- Opening Delimiter -

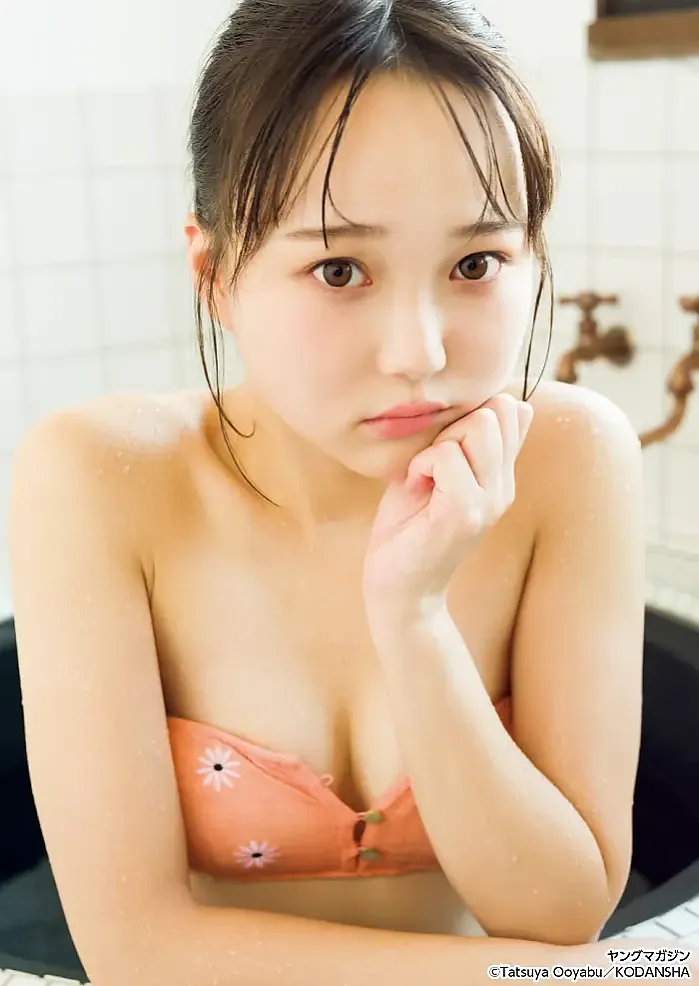 나츠이 치히로 영 매거진 2025년 48호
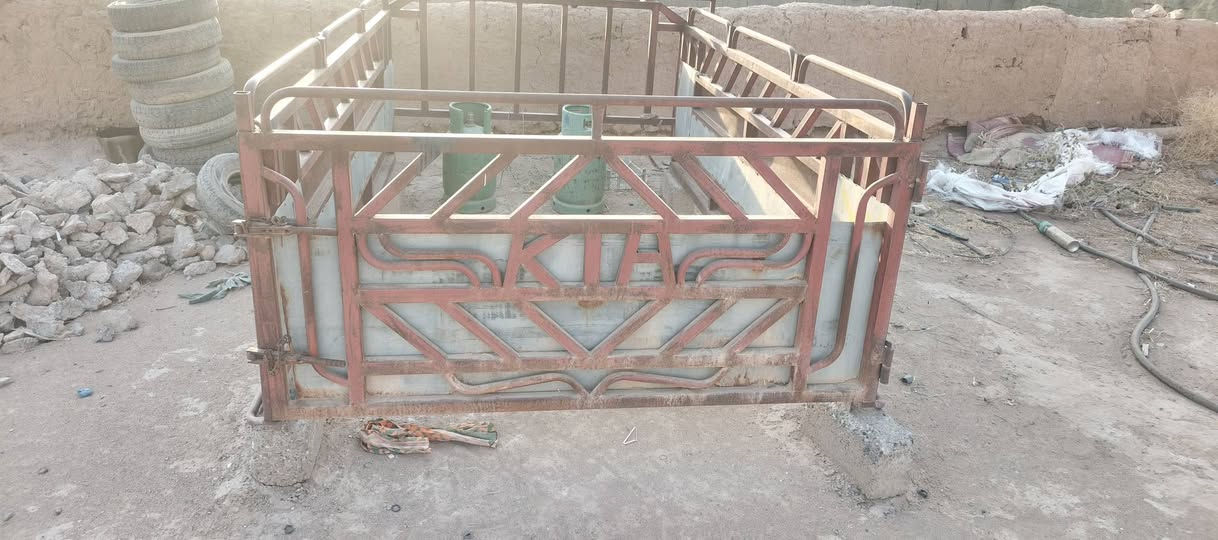 سلام عليكم محجل كيا 2700لبيع سعر والستفسار اتصل على هاذا الرقم *********** بيه وتساب
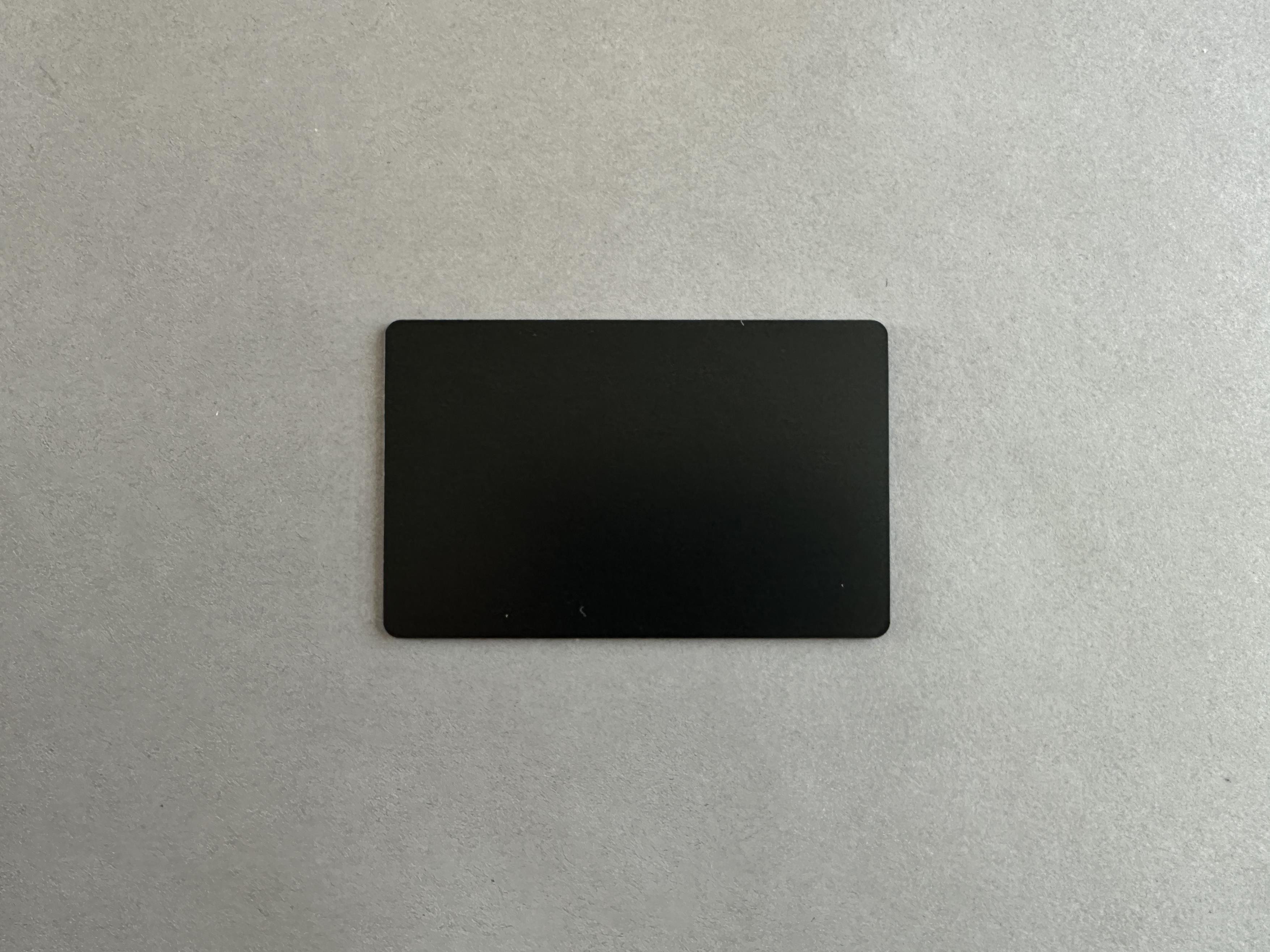 NFC Metal Kart Siyah NTAG215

- Closing Delimiter -

The result should be the listing above, restated exactly, with no pictures in it.

• Exercise response:
 나츠이 치히로 영 매거진 2025년 48호
 سلام عليكم محجل كيا 2700لبيع سعر والستفسار اتصل على هاذا الرقم *********** بيه وتساب
 NFC Metal Kart Siyah NTAG215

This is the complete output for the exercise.